During the trial, the state called two witnesses and tendered several exhibits in support of the charge while Mr Jallow testified alone in his defence.
In a judgment delivered on the 19th January, 2011, the high court presided over by then justice Lamin Jobarteh convicted and sentenced him to a term of life imprisonment.
Dawda Jallow appealed the sentence and conviction on the grounds that the trial judge was wrong in law to convict him on uncorroborated evidence.
He noted that the trial judge erred in law when he passed life imprisonment sentence on him, which he said was excessive and disproportionate.
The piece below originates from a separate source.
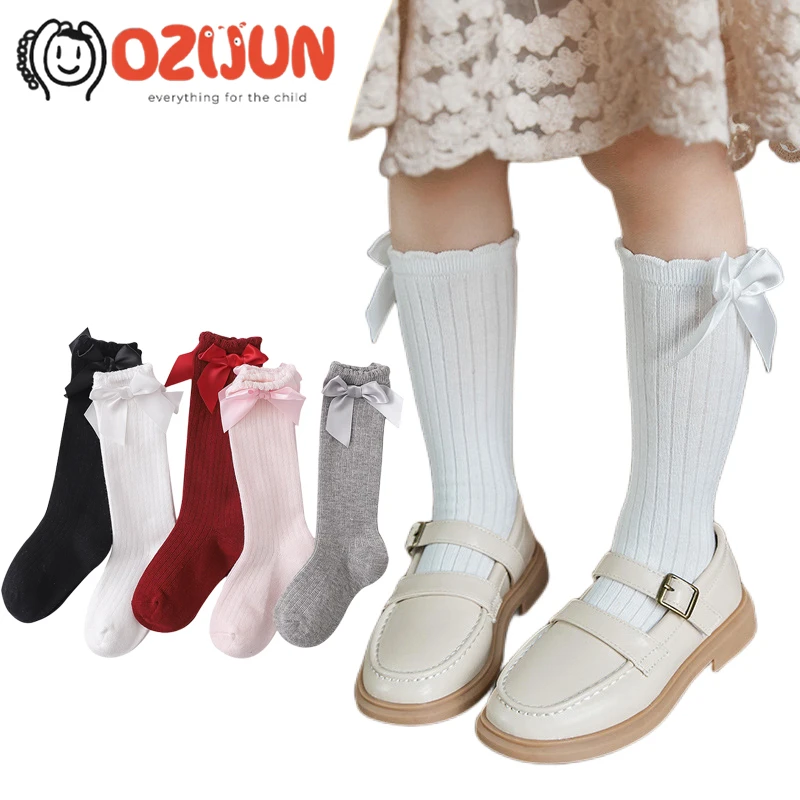 

Spring Fall Baby Girl 0-6 Years Basic Cotton Rib Knee High Socks with Side Grosgrain Bow Jagged Cuff Girls School Uniform Socks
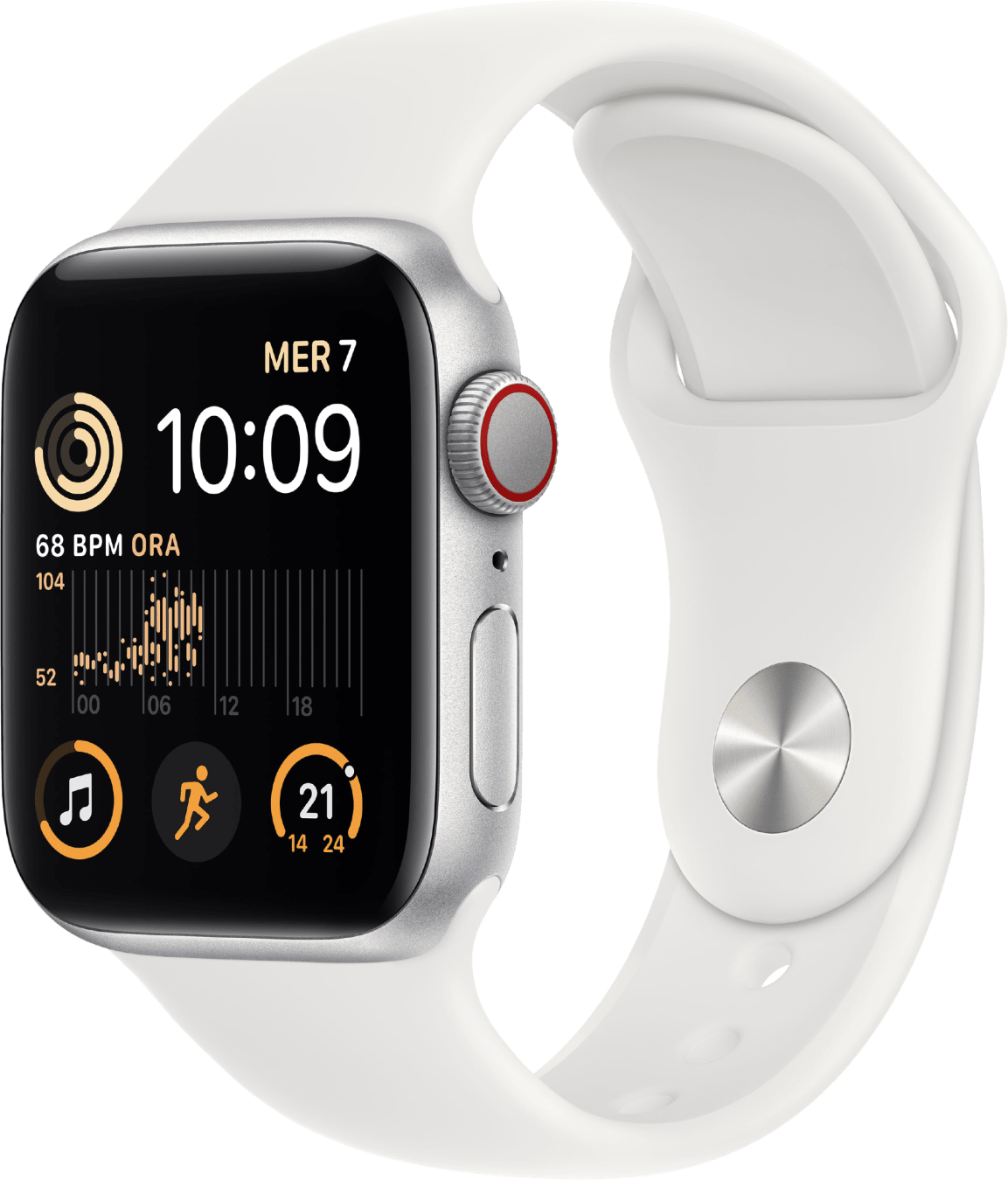 Apple Watch SE (2022) LTE MNPP3FD/A - Zilver Sportbandje, 40mm - Wit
But in the lead judgment delivered by the appeals court, President Omar Njie argued that the sentence imposed on Mr Jallow was not whimsical.
He said the victim was four and vulnerable and the accused 29 and that the considerable age gap makes the advantage taken by the accused over the victim more obvious and more unacceptable. He said the little girl was powerless and was in no position to stand up to the accused or run away from him.
He said Jallow is a sex predator who carefully planned his acts and that he should have faced an additional charge of child abduction for using deceitful means to take her to the location where he raped her.
He said the victim suffered terribly after the assault and was crying in pain and that medical reports confirmed she was admitted in a health centre for four days due to vaginal laceration and raptured hymen.
The court further declared that the evidence that the victim was taken to an isolated area where there was no one she could run to for help and was raped by a 29-year-old man, who was more than double her size did not only make her suffer physically but caused her enormous emotional distress and that the horrific memory of the incident will always haunt her.
The court stated that the conduct of the accused after the commission of the offence was deplorable as he pleaded not guilty even though the evidence before the court confirmed that he committed rape and was guilty of the crime.
The court declared that from the record, there is absolutely no reason for interfering with the findings, judgment and sentence of the high court but to uphold the sentence of life imprisonment.